Все, что вы говорите, — это абсолютная истина, и для нас важно развитие отношений с западными партнерами. Прошло уже достаточное количество времени с момента введения санкций. Статистика, отчеты, фактология, которые, кстати говоря, очень тщательно «заметаются» в этих странах «под ковер», показывают неутешительные результаты: от введения ответных санкций в отношении ЕС очень сильно пострадали европейские производители. Надо это уже признать. Все признают одно и то же, что Европа устала от санкционных войн, нам об этом говорят в кулуарах и вслух, у кого на это хватает сил. При этом нажим США остается прежним, посмотрите на все эти заявления. Не первый раз Европа делает то, что противоречит ее интересам. Страдаем мы, безусловно, страдает Европа. Кто выигрывает? Тоже, по-моему, очевидно.
— По работе приходится много общаться с русскими жителями Прибалтики, у них, и, может быть, не только у них, есть вопросы к России по поддержке соотечественников. Дело здесь только во внешних факторах? Как эта ситуация может измениться в лучшую сторону?

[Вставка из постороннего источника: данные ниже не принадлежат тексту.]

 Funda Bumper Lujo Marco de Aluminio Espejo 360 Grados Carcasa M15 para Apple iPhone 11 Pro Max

— Понимаете, интересно получается: есть наши соотечественники, которые хотят видеть Россию больше, во всех смыслах. Они хотят, чтобы их поддерживали, в том числе материально, чтобы им уделяли больше внимания. Не потому, что они хотят каких-то смен режимов у себя в стране, а потому, что они говорят по-русски, ассоциируют себя с российской культурой и историей. С другой стороны, есть наши западные партнеры, есть НАТО, Евросоюз, Еврокомиссия и так далее, которые на всех уровнях заявляют о том, что работа России с соотечественниками — это чуть ли не прямое вмешательство во внутренние дела этих стран, что это информационная война, гибридная война, чуть ли не попытка смены власти, влияние на умы. Тут используются такие образные выражения, как «кремлевская пропаганда» и пр. С одной стороны, нас призывают работать активней, больше, с другой, нам говорят, что вы так не должны, не можете делать, вы все делаете неправильно.

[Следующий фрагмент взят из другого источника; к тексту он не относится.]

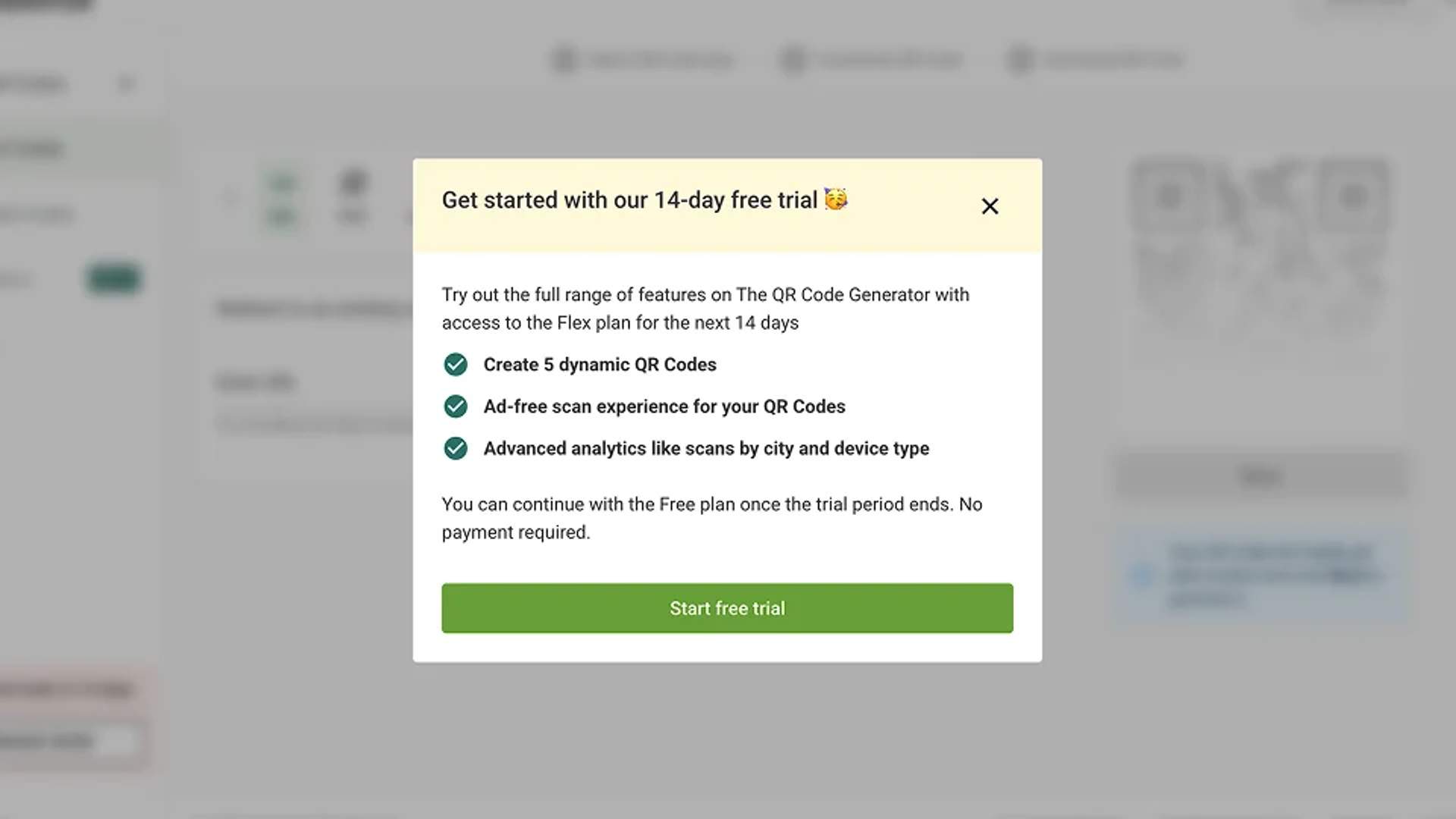 free pdf qr code generator - access all features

В таких диаметрально противоположных «климатических условиях» должна развиваться и действовать и РФ, и, в частности, российская внешняя политика. Мы одним из приоритетных направлений работы выделяем поддержку соотечественников, но делаем это так, чтобы это никоим образом не было ассоциировано ни с вмешательством во внутренние дела, ни с попытками влияния на какие-то политические процессы.
Как вы правильно указали, в странах Прибалтики русские не находят поддержки со стороны официальных властей своему естественному праву говорить на родном для них языке. Они обращаются к нам, мы им такую поддержку даем. Но всегда хочется, безусловно, большего и лучшего. Хочу напомнить, что буквально несколько лет назад у нас не было ни средств на такую работу, ни опыта. Не было понимания, как работу выстраивать. Потом она начала выстраиваться. Идеально? Конечно, неидеально. Стараемся сделать ее по-настоящему эффективной.
Что касается аргументации, что это «рука Кремля», «пропаганда», что чуть ли не через СМИ пытаемся влиять на внутренние процессы — это неправда. Думаю, что если бы не было у властей стран Прибалтики такого противодействия русскоязычному населению, не было бы и интереса населения ко всему, что идет от России. И вот это ошибка самого прибалтийского руководства, которое много лет проводило политику неприятия русскоязычного населения.
Поэтому и те, и другие упреки я принять не могу, могу только сказать, что будем работать.
— Продолжая разговор о «кремлевской пропаганде», какой, по-вашему, должна быть хорошая современная патриотическая российская журналистика?
— Я считаю, что журналистика должна делиться не по принципу «патриотическая» или «непатриотическая», современная или несовременная, она может делиться только по принципу «качественная» или «некачественная». Она должна быть качественной, что подразумевает объективный взгляд на происходящие процессы. Безусловно, с личной точкой зрения автора. Но все-таки должна быть попытка объективного анализа того, что происходит. Следующий момент, в продолжение первого: конечно, СМИ должны предоставлять площадки для различных точек зрения. Невозможно заниматься освещением сирийского конфликта, не имея, допустим, корреспондентов в Сирии и при этом опираясь на информацию «Сирийской обсерватории прав человека» в Лондоне. Это нонсенс. Это уже априори заведомо некачественная журналистика. Как бы мы ни хотели, как бы нам ни хотелось придумать какие-то иные категории для журналистики, их просто нет, потому что, если она будет, условно говоря, патриотической, но некачественной, она и первому-то своему предназначению, а именно патриотизму, тоже не будет соответствовать.